Let $x$ be an operator in $B(H)$. We say a pair $(c,y)$ forms a polar decomposition for $x$ if $y$ is a positive operator, $c$ in $B(H)$ with $x=cy$ such that the restriction of $c$ on $\overline{yH}$ is one to-one. We also say $y$ is a generalized absolute value for $x$.
Does there exists a non-trivial generalized absolute value for $x$? (I mean a positive operator except $|x|$).
Remark. In finite dimensional, the answer is yes. Indeed, any positive operator $y$ with $yH=x^*H$ is a generalized absolute value!
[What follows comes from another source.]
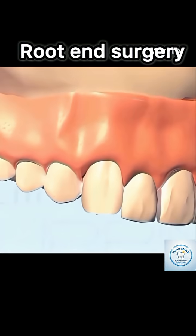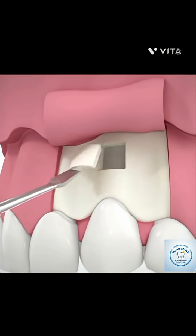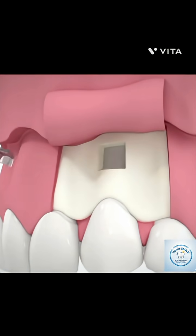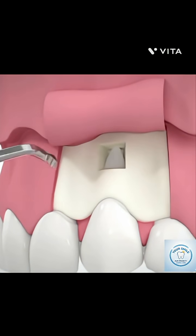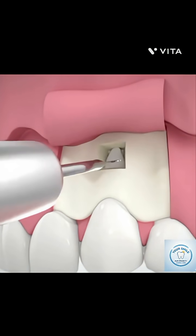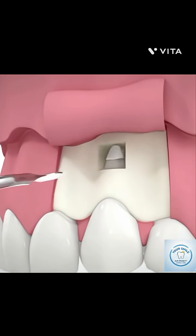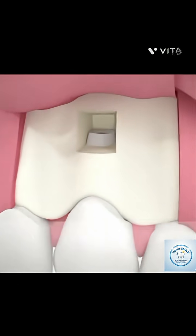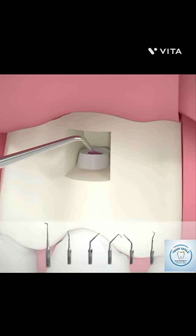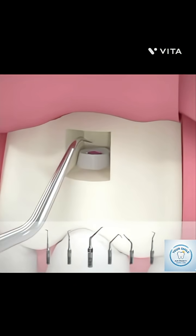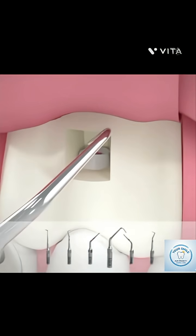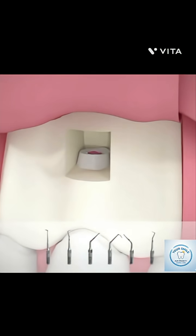This apical portion is removed because it is the area most likely to harbor bacteria and accessory canals. Using an ultrasonic micro-tip, a small preparation or cavity is placed into the remaining root canal space, which is then sealed with a biocompatible material such as MTA, mineral trioxide aggregate, or a bioceramic cement. This step, known as the retrograde filling, seals the root canal from the tissue fluids.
So it is natural to ask in infinite dimensional case.
Added points: It is well-known that for a given operator $x\in B(H)$, there exists unique partial isometry $u$ given by $x=u|x|$. Martin proved the pair $(u,|x|)$ is unique in this sense: assume $v$ is a partial isometry and $y$ is a positive operator with $x=vy$ such that $Ker(x)=Ker(y)=Ker(v)$ then, $v=u$ and $y=|x|$ (enter link description here). This problem asks a generalization. Indeed we are looking for a pair $(c,y)$ where $y$ is a positive operator with $x=cy$ where the restriction of $c$ on $\overline{yH}$is still one to one (which implies that $Ker(x)=Ker(y)=Ker(v)$). As you observe, $c$ is one to one but may no longer isometry. With this weaker condition, do we have a non-trivial triple $(x,c,y)$?